_YOUR GOAL_
The result should be the lines from the one holding "Operation Combat 2" to the end of the records below, repeated exactly. No pictures.

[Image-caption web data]
"""
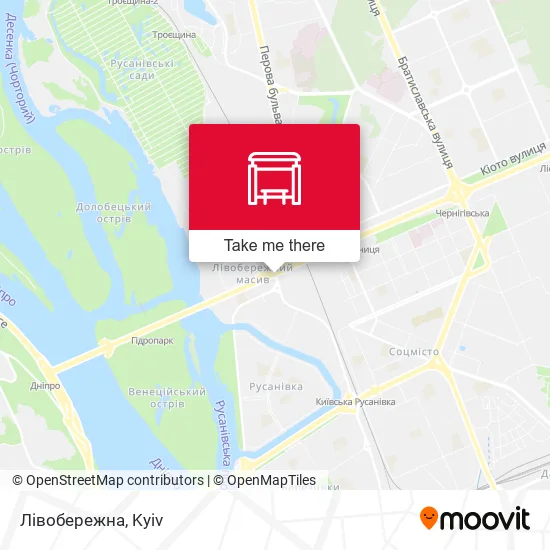 Карта Лівобережна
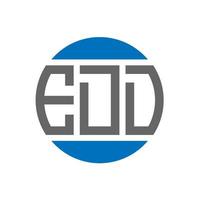 edd-Buchstaben-Logo-Design auf weißem Hintergrund. edd creative initials circle logo-konzept. edd Briefgestaltung. vektor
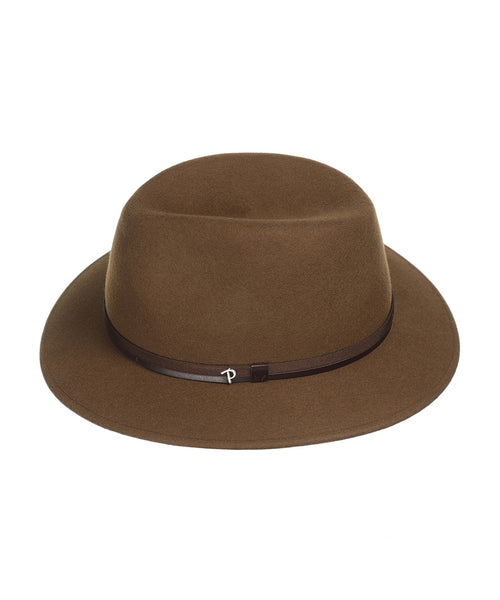 Sporty Italian Hat Wool Felt | Brown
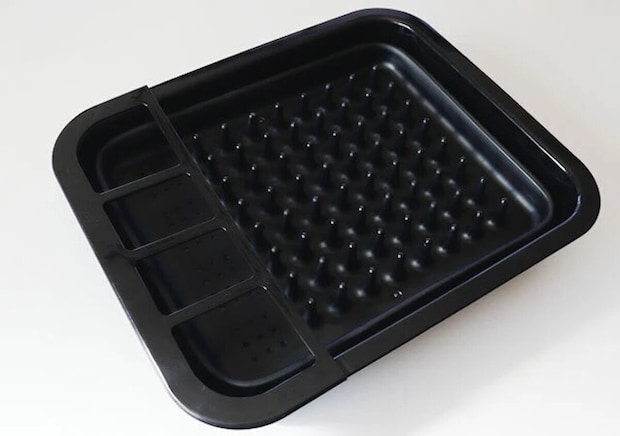 ダイソー　折りたためる水切りかご（30cm×25cm）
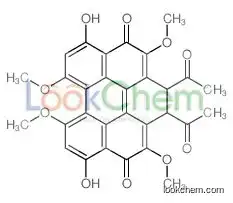 1,2-diacetyl-4,11-dihydroxy-3,7,8,12-tetramethoxy-1,2-dihydrobenzo[ghi]perylene-5,10-dione
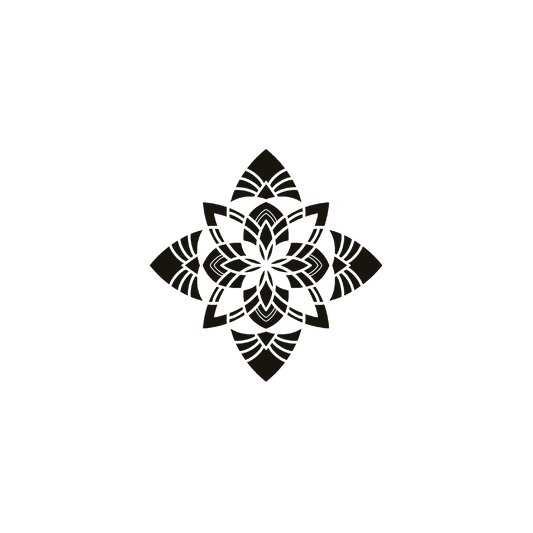 Oh My Ink temporary tattoo - Mandala V2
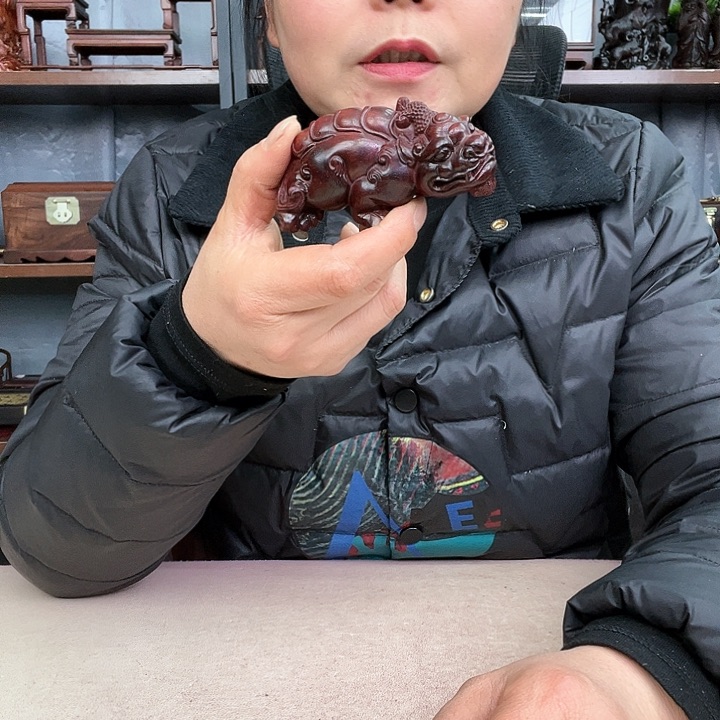 乌木类端景台小李红木工艺品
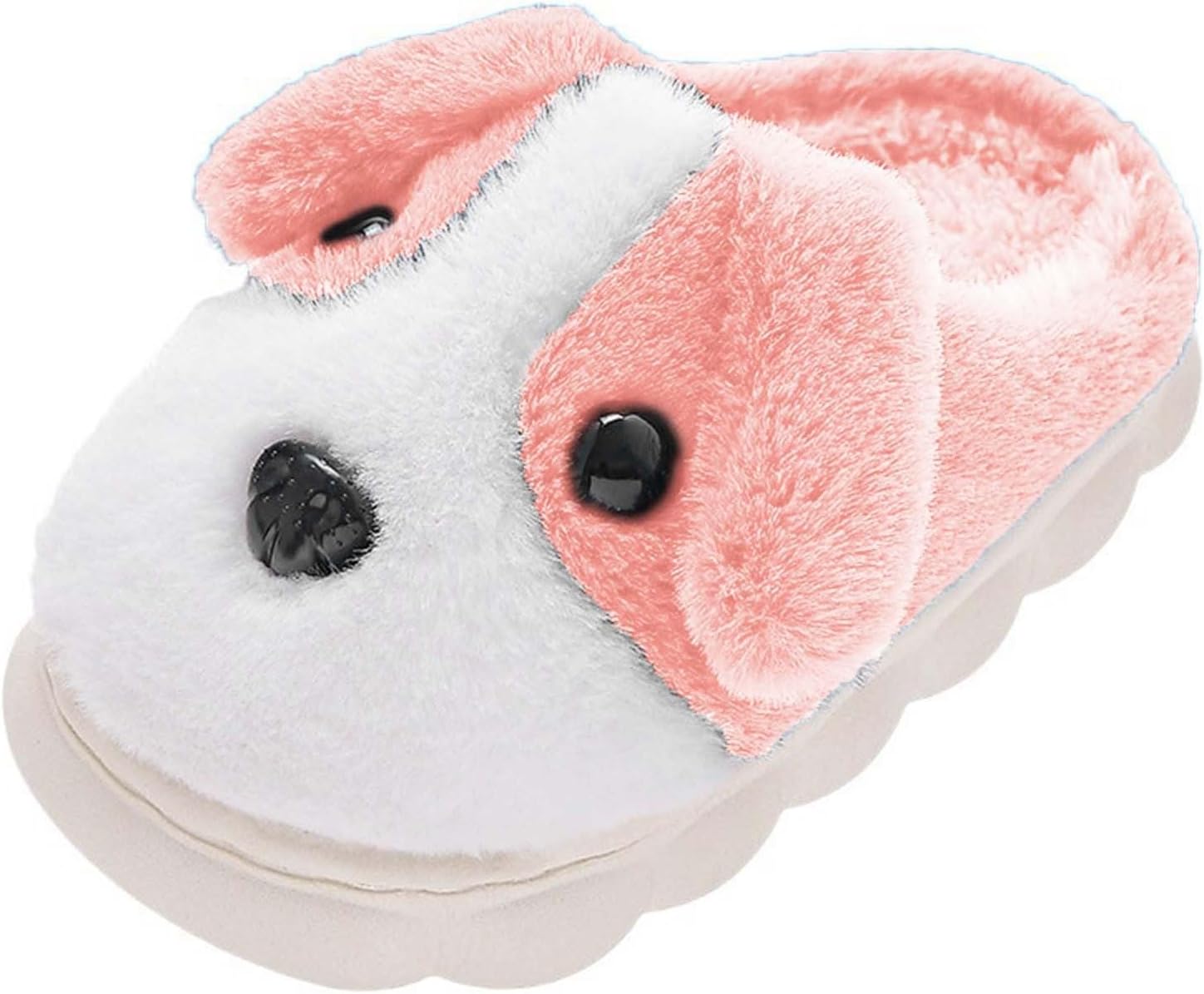 

Тапочки-собачки из пеноматериала с эффектом памяти для малышей, мальчиков и девочек, с пушистыми ушками, удобные зимние домашние тапочки с нескользящей подошвой Generic, розовый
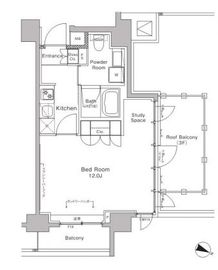 プラウドフラット中落合 301 間取り図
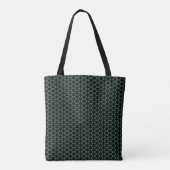 Simple dark green and black line patterned Tote トートバッグ (裏面)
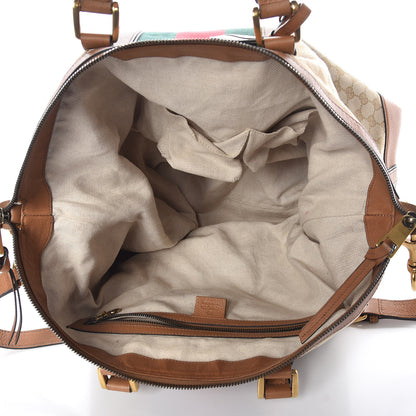 Gucci GG Monogram Web Large Rania Top Handle Bag Sand 5 of 12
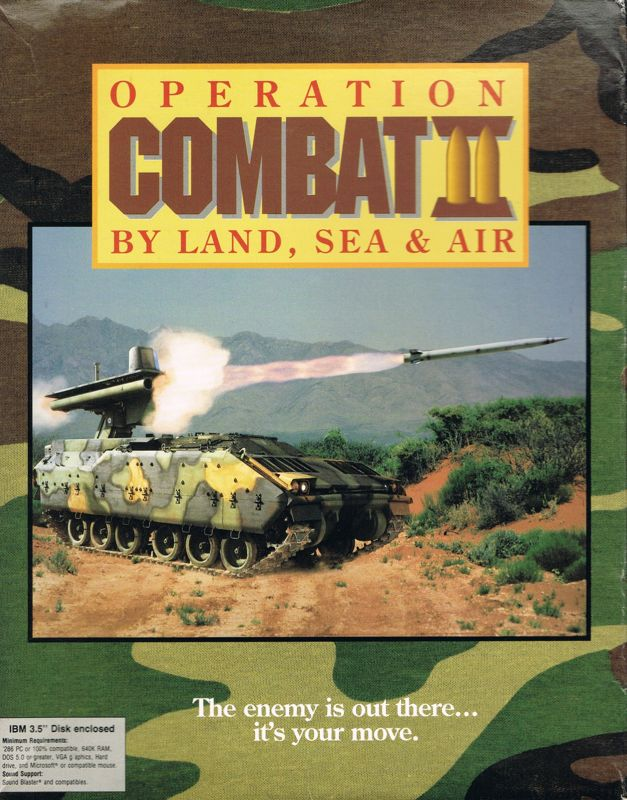 Operation Combat 2 - By Land, Sea, And Air box art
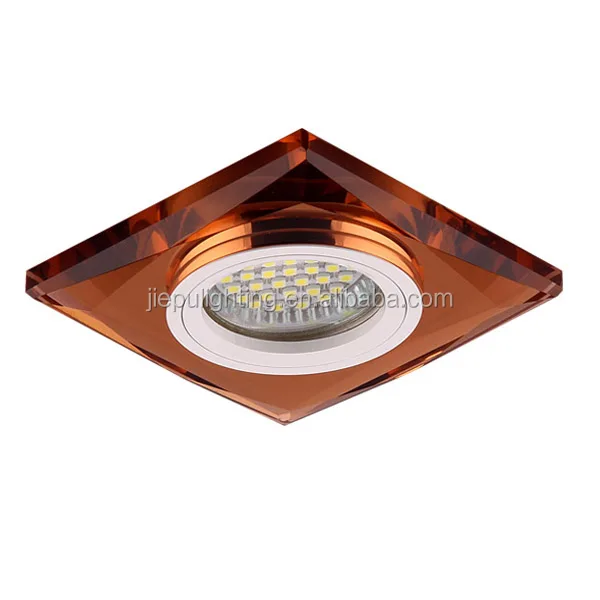 Crystal flat spotlight indoor lighting square ceiling light downlight colourful led MR16 GU5.3 house decoration side lighting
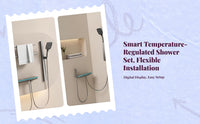 Digital Display Shower System, Temp Control, High Pressure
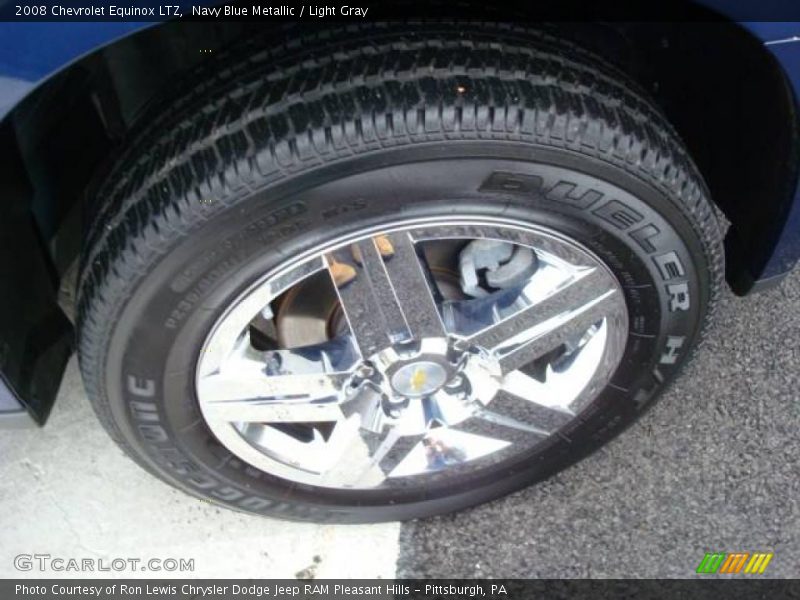 Navy Blue Metallic / Light Gray 2008 Chevrolet Equinox LTZ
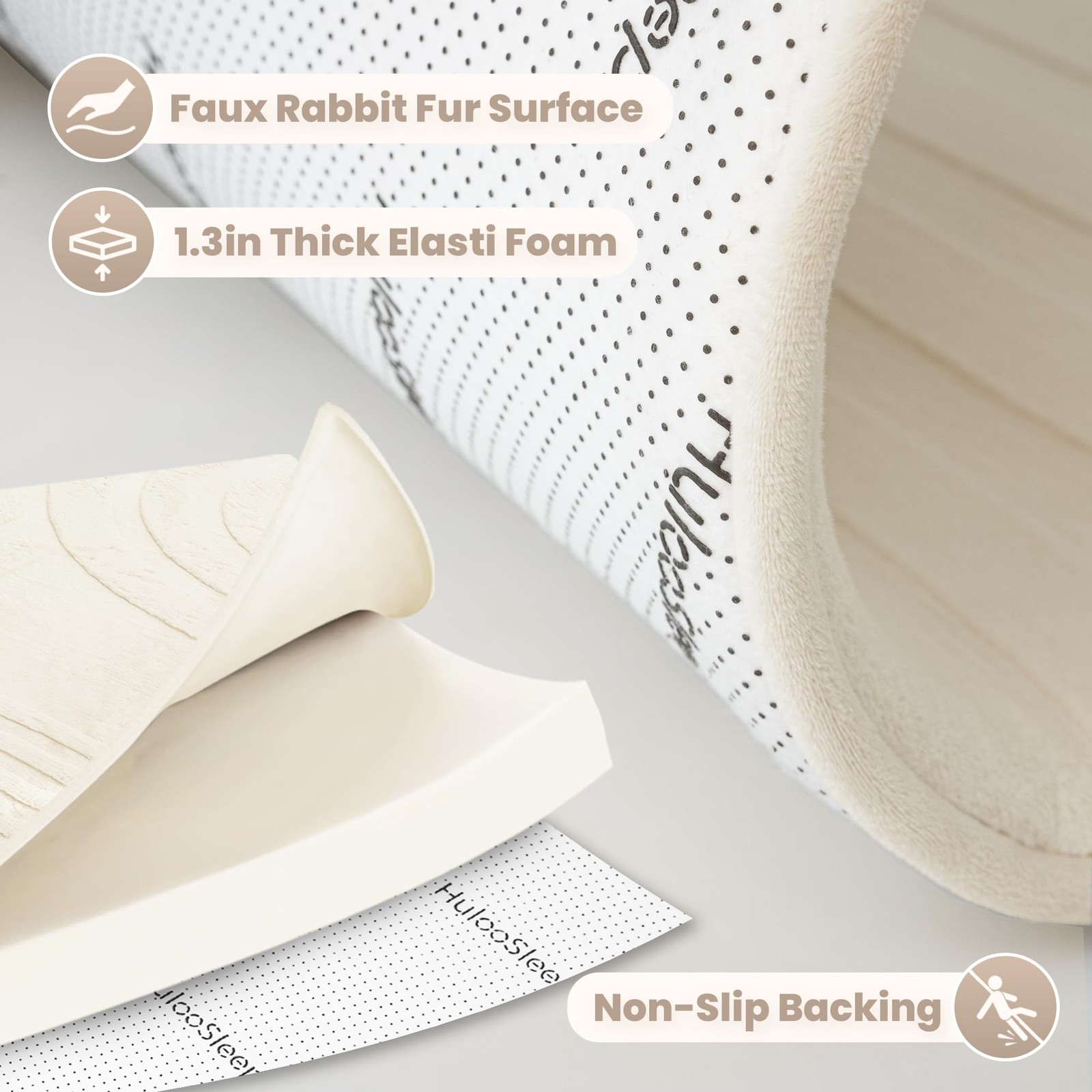 1.3" Thick Fluffy Baby Play Mat for Floor,Elasti Foam Padded Area Rug for Liv...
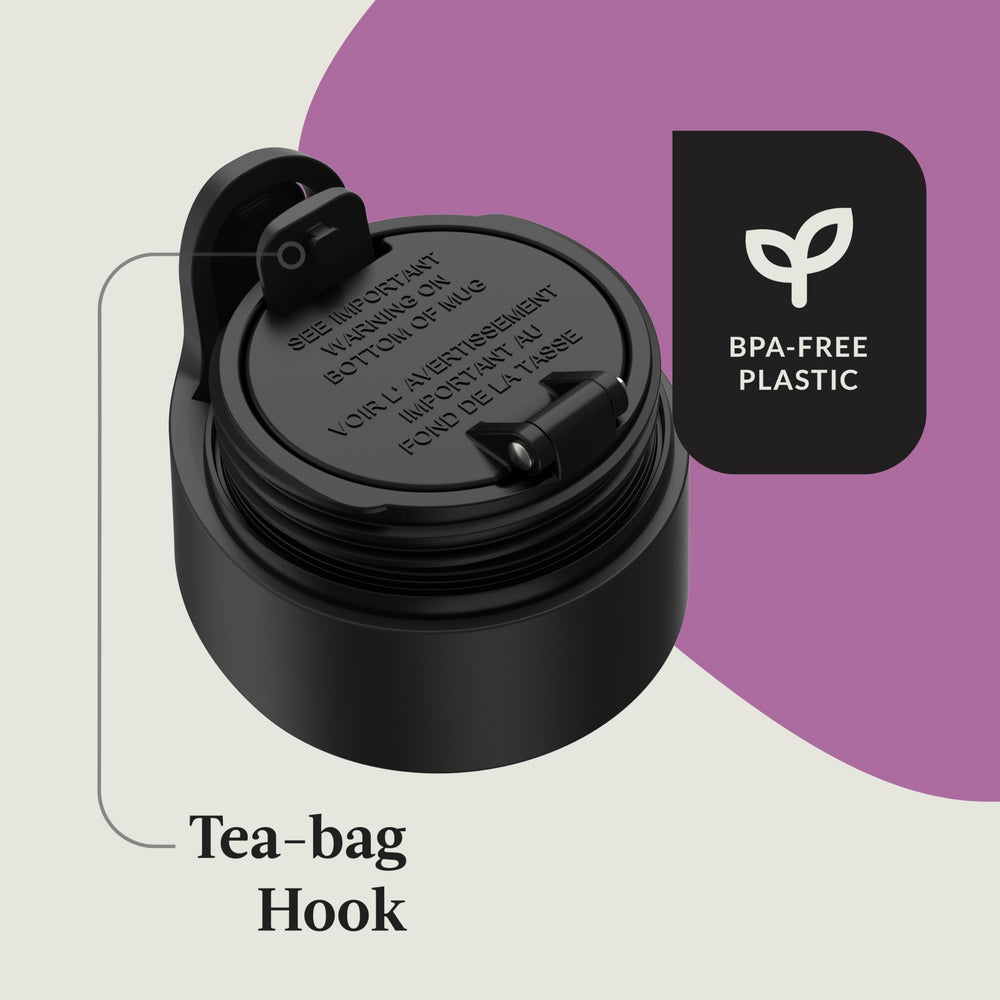 Contigo West Loop à côté d'une tasse pour comparaison de taille et capacité 20 oz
"""
_SOLUTION_
 Operation Combat 2 - By Land, Sea, And Air box art
 Crystal flat spotlight indoor lighting square ceiling light downlight colourful led MR16 GU5.3 house decoration side lighting
 Digital Display Shower System, Temp Control, High Pressure
 Navy Blue Metallic / Light Gray 2008 Chevrolet Equinox LTZ
 1.3" Thick Fluffy Baby Play Mat for Floor,Elasti Foam Padded Area Rug for Liv...
 Contigo West Loop à côté d'une tasse pour comparaison de taille et capacité 20 oz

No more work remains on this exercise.